One thing that really blew me away was learning about the birth of the Apgar score. As many of you will recall, the Apgar is the score that your baby gets at one minute and five minutes after birth, rating such things as color, breathing, crying, etc. Apparently, before there was such a thing to standardize the way doctors chose to treat (or not treat, as the case may be) infants upon their arrival in the world, the obstetrician would decide subjectively whether the baby was worth saving or not. As we now know, a baby's Apgar score can be very low at one minute and very high at five, particularly if steps have been taken to improve breathing and body temperature right away. Babies were, if I am to believe this writer, simply left to die if they were born blue, too small, or malformed. A woman named Virginia Apgar, an anasthesiologist in the 1950's, was so appalled at this practice that she devised a score for nurses to rate the condition of newborns.
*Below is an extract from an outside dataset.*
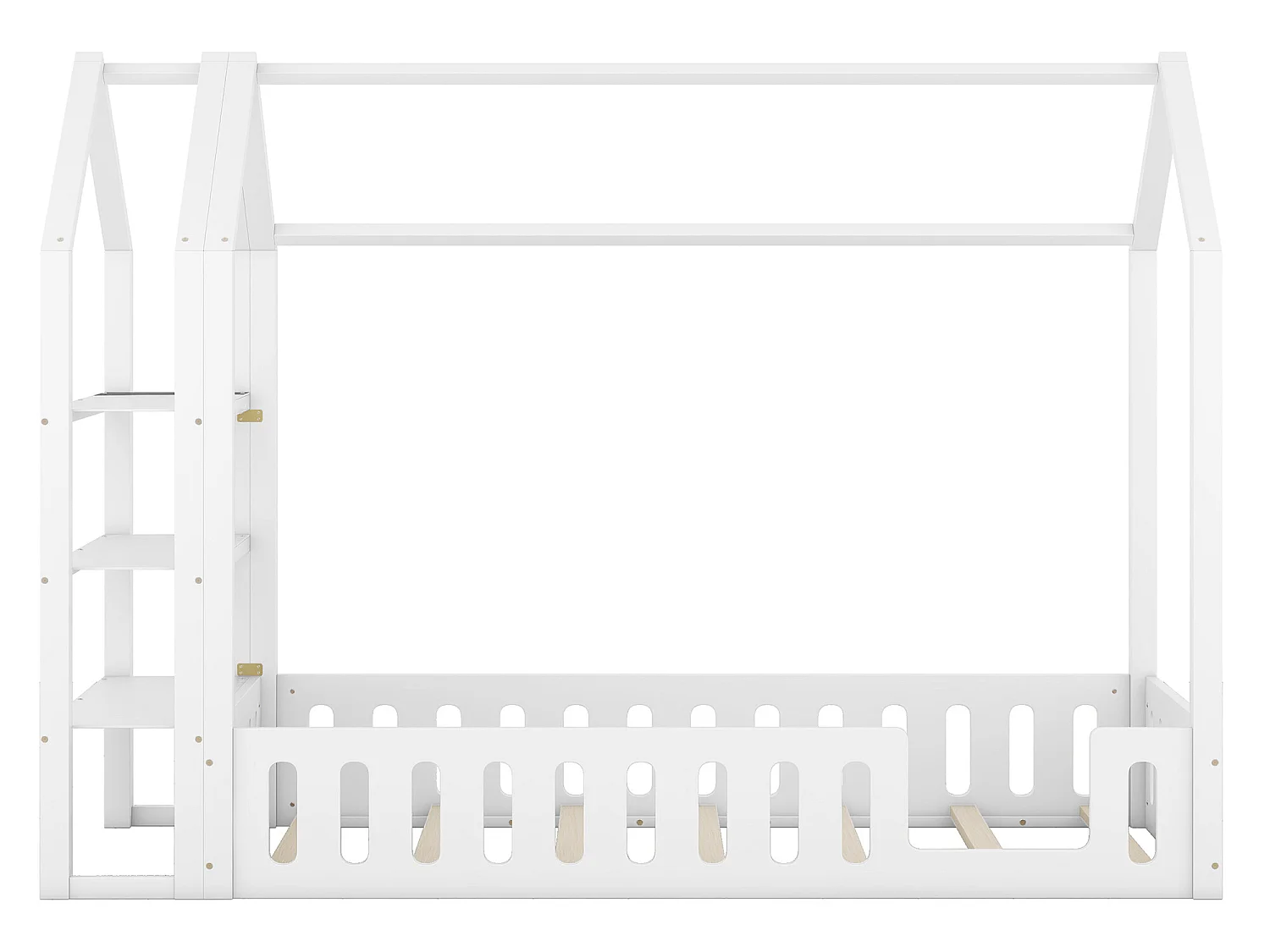 Cabinebed 90 x 200 cm met 3 planken - Grenen en MDF - Wit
The Apgar score changed everything. Suddenly all kinds of new data were being observed and collected about newborns, and now there was a way to measure - with a number - how an infant was doing at one and five minutes. It measured color (blue or pink), heart rate, vigorous breaths, and movement of all four limbs. These numbers could be compared and used as learning tools for doctors. Neonatal intensive-care units appeared. Prenatal ultrasound became common. Fetal heart monitors became standard. As Gawande, points out, hundreds of adjustments were made in the practice of obstetrics over the years since, to produce what is now called "the obstetrics package."
Ok, so the average hospital birth is full of things that most of us would rather not deal with. I don't even want to get into whether a hospital birth is bad or good, whether it's best to go with a midwife at home (back in the days when doctors didn't wash their hands between performing autopsies and examining delivering mothers, that was definitely your best option) or submit to a totally medical experience when one may not be necessary. What about what happens later?
What was your score one day after giving birth, and five days after giving birth? What about five months after? How can anyone tell? Who is to rate a mother's well-being? It seems an important part of the equation is being left out here. I believe that unless a mother is actively crying all day and night or talking about killing herself, people tend to look past us to the infant. Or just look past us.
What if there was an Apgar score for moms? What kinds of things would you want rated? What could be done to maintain your health and sanity after childbirth, and into the early years?